Rogue Landlords Who Rent Out ‘Tiny’ Studio Flats to be Investigated

The chair of the Communities and Local Government Committee has pledged to investigate private landlords who are renting out miniscule-sized flats to homeless people.

Clive Betts told the BBC that the practice, which involves landlords converting family homes into several flats and renting them out to homeless people on housing benefit, was “an abuse of the system.”

A BBC investigation uncovered that the practice means properties in London’s outer zones were more expensive to rent per square foot than those in upmarket inner London areas, such as Chelsea and Kensington.

The investigation suggests that landlords are exploiting a loophole that enables them to avoid the need for planning permission by installing a sink in each room, allowing the rooms to be registered as independent studio flats.

Landlords pocket housing benefits due to loophole

The Local Government Association (LGA), which represents over 370 councils in England and Wales, has previously criticised the legal loophole that enables landlords to convert rooms in a house into tiny “flats” and rent them out to members of the public in order to receive large housing benefit payments which are paid directly to landlords on behalf of tenants.

The LGA said that the loophole allows landlords to avoid detection while also subjecting housing tenants to poor and often dangerous living conditions.

Landlords do not currently require planning permission to convert a house into shared accommodation for up to six people if they fit the rooms with cooking equipment and en-suite showers.
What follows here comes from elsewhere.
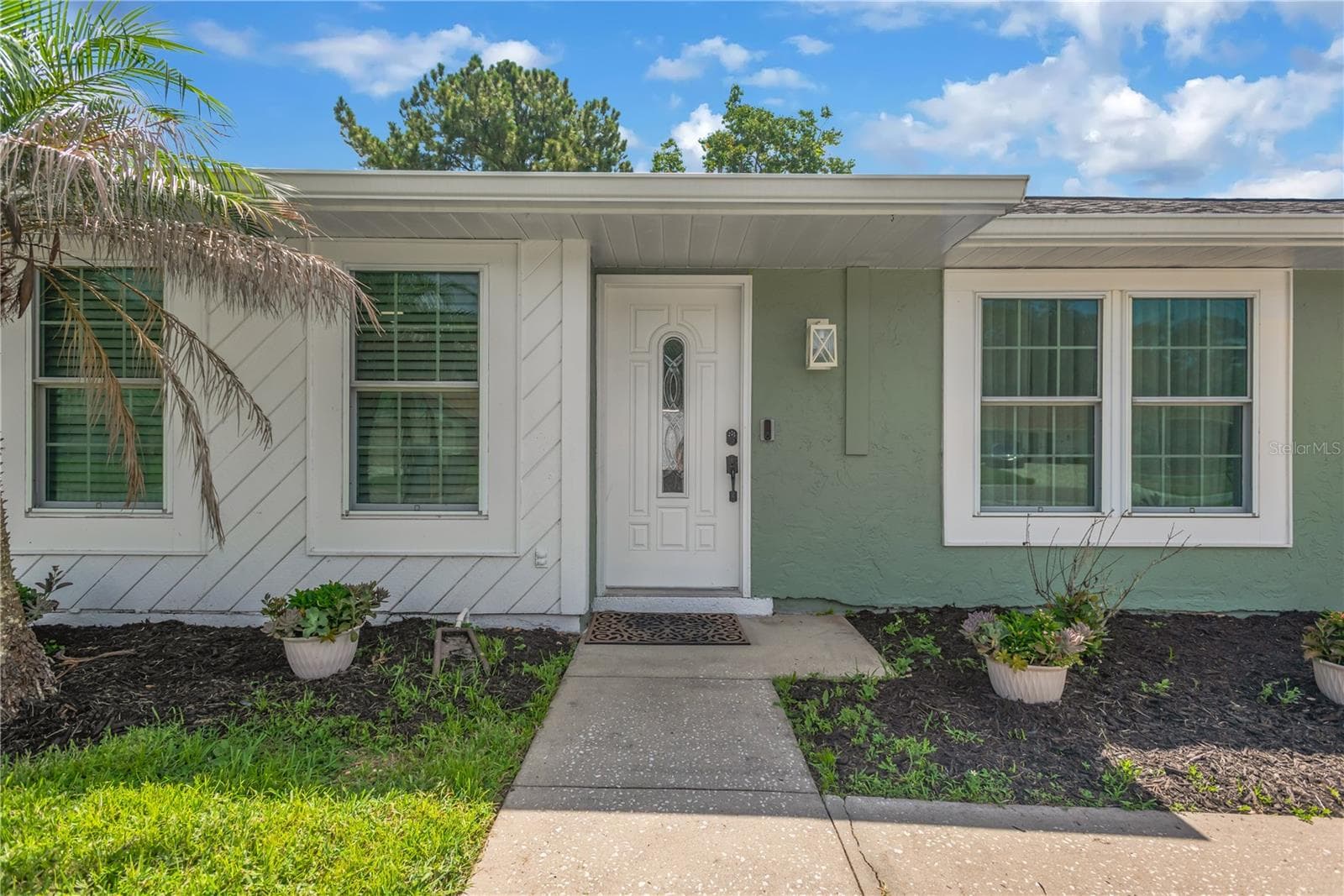 819 Jacaranda Dr photo 2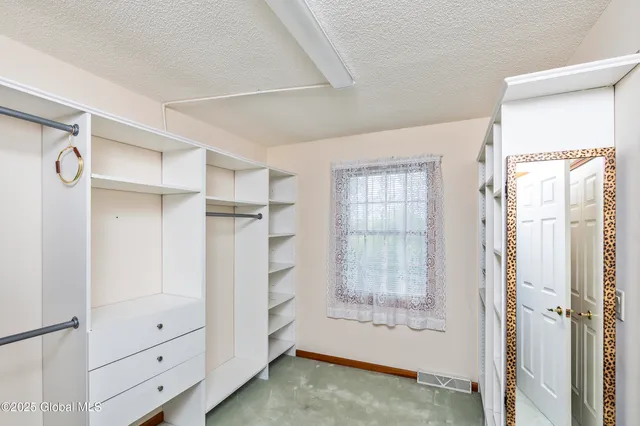 $639,000 | 987 Grooms Road, Clifton Park, NY 12148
However, the electricity supplied to each dwelling is often run on hot-wired supplies, creating serious fire hazards for residents.

The conversion of rooms into “single studio flats” by these landlords is believed to be one of the main reasons behind them garnering a total £9.3bn in housing benefit in 2015 – double that of the £4.6bn total pocketed in 2006.

Call for prison sentences for rogue landlords

The LGA has called on the government to enforce prison sentences for the worst cases, instead of subjecting offenders to fines, which often amount to only £1,000 in situations where the health and safety of tenants has been put at risk.

It said that the financial gains to be had from the exploitation of the loophole ensured that the cost of the fines to landlords was of little deterrent.

‘Reputation of good landlords is being tarnished’

Commenting on the abuse of the legal loophole by landlords, LGA housing spokesperson Judith Blake said: “No landlord can act outside the law and councils will do everything in their powers to ensure tenants can live in rented properties safe in the knowledge that local authorities are there to protect them.”

“However, the reputations of all good landlords are being tarnished by the bad ones and councils are being let down by the current system. Legislation is not keeping pace with the ingenuity of landlords to exploit loopholes which need to be closed as soon as possible. Legislation needs to be more joined up to prevent some landlords taking advantage of people at the sharp end of our housing crisis,” she said.

She added: “Giving councils powers to be able to build more affordable homes is likely to be more successful at meeting necessary standards than the private rental sector, and help reduce the risk of tenants falling victim to potentially tragic and preventable consequences due to unscrupulous landlords . . . Councils won’t hesitate to take irresponsible landlords to court for blatantly failing to comply with housing laws and any tenants who suspect their landlord of criminal behaviour or who have been evicted illegally should contact the housing team at their local council.”